▶ TASK TO CARRY OUT: No pictures go into the output, which should consist only of the lines from the first line of the data through the line with "This is a rezoning", copied exactly.

▶ INFORMATION PROVIDED:
+ + +

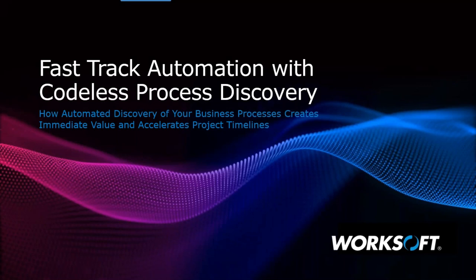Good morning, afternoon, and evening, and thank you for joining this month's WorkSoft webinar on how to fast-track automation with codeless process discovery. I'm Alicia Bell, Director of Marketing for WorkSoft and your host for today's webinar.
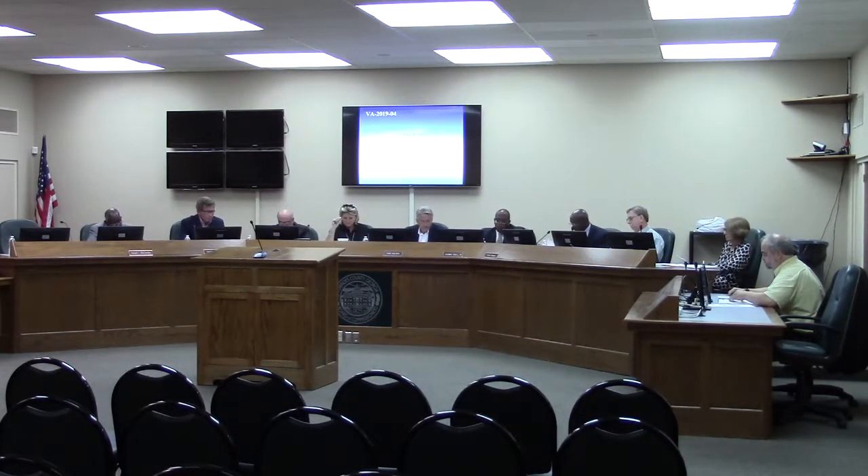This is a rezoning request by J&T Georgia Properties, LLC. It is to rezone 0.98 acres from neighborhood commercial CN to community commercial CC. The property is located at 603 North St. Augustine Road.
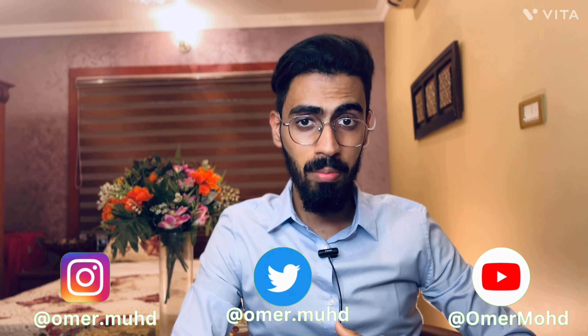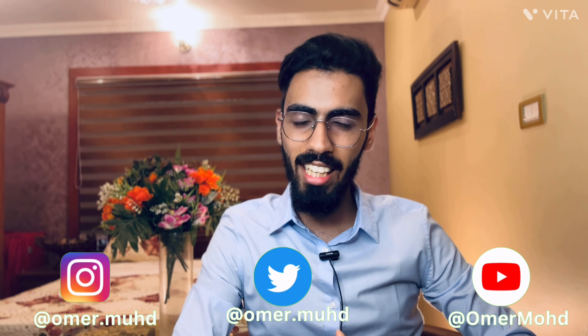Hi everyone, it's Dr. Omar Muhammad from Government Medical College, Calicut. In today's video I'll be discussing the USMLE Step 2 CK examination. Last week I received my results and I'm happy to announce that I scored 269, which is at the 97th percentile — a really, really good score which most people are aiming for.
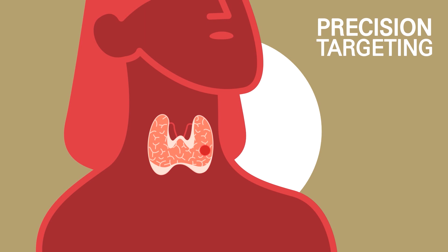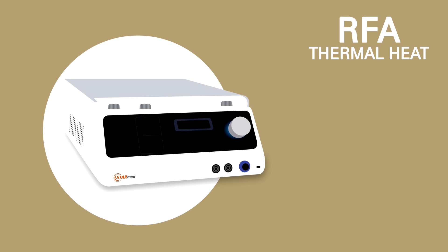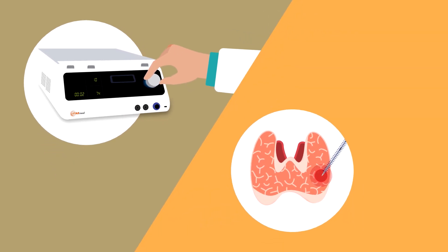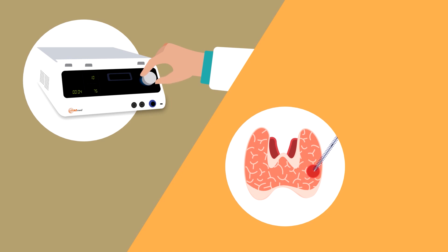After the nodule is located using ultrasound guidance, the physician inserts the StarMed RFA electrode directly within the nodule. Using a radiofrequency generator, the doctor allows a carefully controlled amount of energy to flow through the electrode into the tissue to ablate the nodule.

+ + +

▶ ANSWER SECTION:
Good morning, afternoon, and evening, and thank you for joining this month's WorkSoft webinar on how to fast-track automation with codeless process discovery. I'm Alicia Bell, Director of Marketing for WorkSoft and your host for today's webinar.
This is a rezoning request by J&T Georgia Properties, LLC. It is to rezone 0.98 acres from neighborhood commercial CN to community commercial CC. The property is located at 603 North St. Augustine Road.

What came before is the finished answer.